I'm sold! Expand them and look at them full size...
Canon EOS 5D Mark III low light ISO samples: dpreview review samples: Galleries: Digital Photography Review


----------



## Canuk (Mar 6, 2012)

This doesn't help w/ my trying to wait to buy this camera, those sample look great!


----------



## DorkSterr (Mar 6, 2012)

Wow even up to ISO 51200 its still very reasonable.


----------



## o hey tyler (Mar 6, 2012)

This is insane. Currently drooling. ISO 25,600 what?


----------



## Overread (Mar 6, 2012)

*doesn't show the thread to his 400D or 7D*


----------



## analog.universe (Mar 6, 2012)

25,600 looks like 1600 on my 60D.  I'm excited 

(my wallet less so)


----------



## 2WheelPhoto (Mar 6, 2012)

Yeah I'm not thrilled with the D800, I need to sell all my belongs and switch to canon!


----------



## Rjcommando (Mar 6, 2012)

That's pretty impressive. I'm just looking at the images via my iPhone, and couldn't really notice any noise until ISO 25,600. I don't recall, did they mention what lens was used?


----------



## analog.universe (Mar 6, 2012)

They didn't say which lens, but exif says 100mm.   If I was a photo review site with a test rig shooting at 100mm, it'd be the EF 100mm f/2.8L Macro... but who knows if that's the case..


----------



## thereyougo! (Mar 6, 2012)

I had a play with the 5D mkIII at the Focus On Imaging show in Birmingham UK today.  Impressive piece of kit.  Shot at f/5.6 with a 24-70 at 6400 ISO on dark background.  NO sign of noise when zoomed right in on the review shot.  VERY impressive indeed.  That was with the 24 - 70 L at 70mm


----------



## MLeeK (Mar 6, 2012)

Canuk said:


> This doesn't help w/ my trying to wait to buy this camera, those sample look great!



You and me both!


----------



## MLeeK (Mar 6, 2012)

2WheelPhoto said:


> Yeah I'm not thrilled with the D800, I need to sell all my belongs and switch to canon!
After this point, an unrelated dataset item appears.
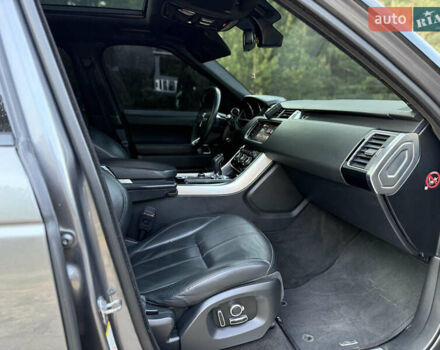 Сірий Ленд Ровер Range Rover Sport, об'ємом двигуна 2.99 л та пробігом 198 тис. км за 33000 $, фото 10 на Automoto.ua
I don't know as I'd do that... The D800 is still an impressive piece of technology. Canon was just due for one good one in there somewhere.


----------



## Big Mike (Mar 6, 2012)

This just makes me feel old.  I remember when 400 was high and 800 was really high.  

Kids these days...they don't know how good they have it.


----------



## analog.universe (Mar 6, 2012)

Big Mike said:


> This just makes me feel old.  I remember when 400 was high and 800 was really high.
> 
> Kids these days...they don't know how good they have it.



Even though I never shot film, I still remember this from my first digi.  Half of the time what you got at 400 wasn't even usable!


----------



## Big Mike (Mar 6, 2012)

That was certainly true when I shot film....but I'm sure there are some around who remember when ISO/ASA 25 or 50 was 'normal' and ISO 160 was your 'fast' film.  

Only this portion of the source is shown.